Monday, January 14, 2019, started unremarkably for Eileen Horning. The electrical-sector sales administrator for Eaton Corp. spent the morning at the international power-management company’s Beachwood offices. After lunch, she re¬turned to her office at Eaton’s satellite plant in Parma and sat down at her desk.

“I saw this static, like a TV going out,” the Avon resident, now 59, recalls. “I said to myself, ‘Oh, my God!’ I pushed myself back away from my desk. I think I remember turning to put my head down to get more oxygen to my head. And that was it.”

Becky Rudzik found Horning lying on the floor of her office. She called out for help, for someone to dial 9-1-1, and Eileen’s co-workers began running out of their offices to see what had happened. When they saw her unconscious, lips and face already beginning to turn blue from lack of oxygen, they sprang into action.

Sales engineer John Ross began cardio-pulmonary resuscitation. Seconds later, power systems engineer Steven Walker took over the mouth-to-mouth breathing while Ross continued performing chest compressions. While Ross and Walker worked on Eileen, sales engineer James Gill fetched one of the plant’s two automatic external defibrillators (AED), portable computerized devices that assess the heart’s rhythm and, if necessary, deliver an electric shock to restore it to normalcy.

“They hooked me up, and they shocked me,” Horning says. “That’s what brought me back.”

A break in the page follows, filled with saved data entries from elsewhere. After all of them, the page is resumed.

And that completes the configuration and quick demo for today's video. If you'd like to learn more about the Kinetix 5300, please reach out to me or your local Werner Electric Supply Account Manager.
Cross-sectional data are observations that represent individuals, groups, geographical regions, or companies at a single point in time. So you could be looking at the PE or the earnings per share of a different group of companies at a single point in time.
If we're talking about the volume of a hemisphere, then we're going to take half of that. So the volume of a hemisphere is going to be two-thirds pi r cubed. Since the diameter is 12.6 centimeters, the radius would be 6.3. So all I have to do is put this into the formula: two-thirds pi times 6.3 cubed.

She regained consciousness right before paramedics arrived. She figured she’d simply passed out. The assumption persisted, even as she drifted in and out of consciousness — she doesn’t remember paramedics administering a second AED shock during the ambulance ride to University Hospitals Parma Medical Center. After she arrived at the hospital she learned she’d gone into cardiac arrest.

Although the terms “cardiac arrest” and “heart attack” often are used interchangeably, they are not synonyms, according to information provided on the American Heart Association website heart.org. A heart attack “occurs when a blocked artery prevents oxygen-rich blood from reaching a section of the heart,” while a cardiac arrest “is triggered by an electrical malfunction in the heart that causes an irregular heartbeat” and disrupts its pumping action. While symptoms of a heart attack may be immediate, they more often develop slowly and persist for hours, days, even weeks before the actual attack. A cardiac arrest, in contrast, is a sudden event, the onset of which comes with no warning. Victims can die within minutes if they do not receive treatment.

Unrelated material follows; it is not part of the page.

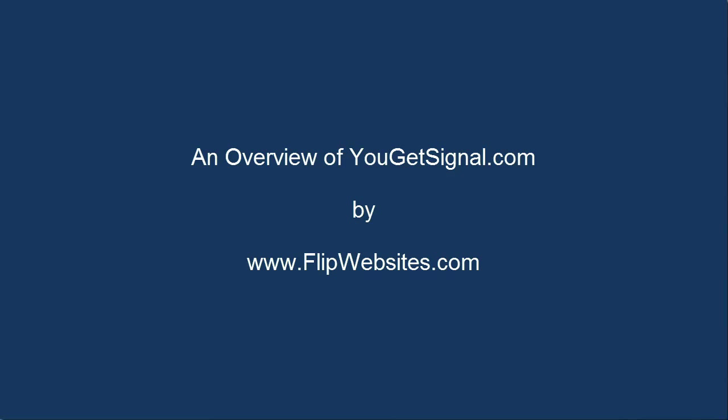Hello, this is another video brought to you by FlipWebsites.com. This video will provide an overview of a reverse IP tool that you can use for free at YouGetSignal.com.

“Ninety-five percent of people that cardiac arrest outside of a hospital don’t make it,” Horning says, reciting a figure mentioned by one of her doctors.

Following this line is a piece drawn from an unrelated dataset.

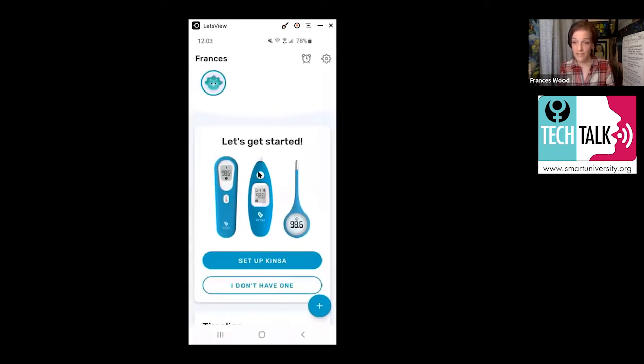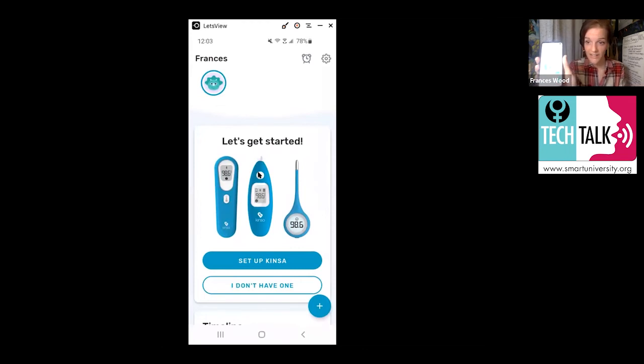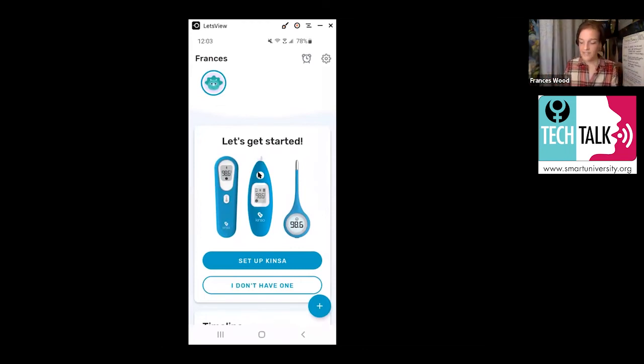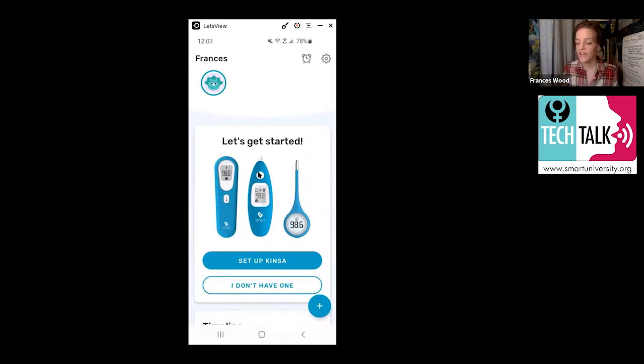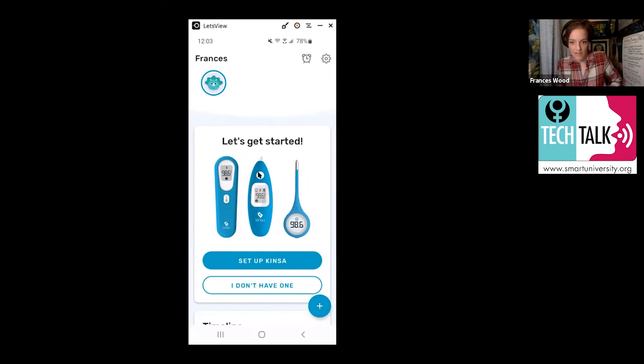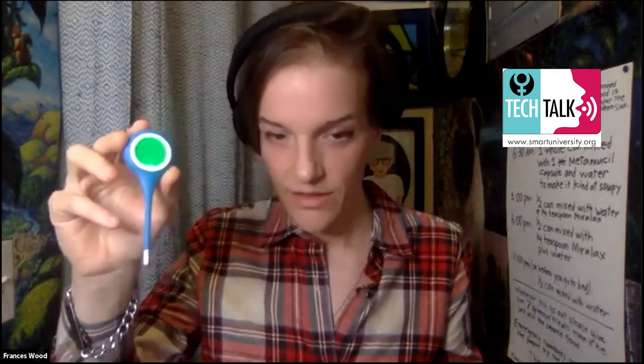That means you are at the critical step of setting up your actual thermometer. I'll show you what the thermometer looks like. You see there's three different varieties of them on there. So this is the thermometer. Looks pretty normal, right? You turn it on and it's linked to the Bluetooth on your phone.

Horning left the hospital five days later with an implantable cardioverter defibrillator, a battery-powered device placed in the chest and connected to the heart by thin wires. It monitors the heart rate and, like an AED, delivers an electric shock to restore normal rhythm if it detects the heart is beating chaotically or much too fast. She refers to it as “my security blanket.”

Eileen returned to work in March. She arranged for 18 Parma-plant workers whose CPR certifications had expired — including herself — to take a recertification course, obtained CPR-certification training for the nine employees in Eaton’s Grand Rapids, Michigan, office, and got an AED for them. She realizes how lucky she was to be with people who knew exactly what to do when they found her on the floor — and weren’t afraid to do it.

“My guardian angels were right there,” she says.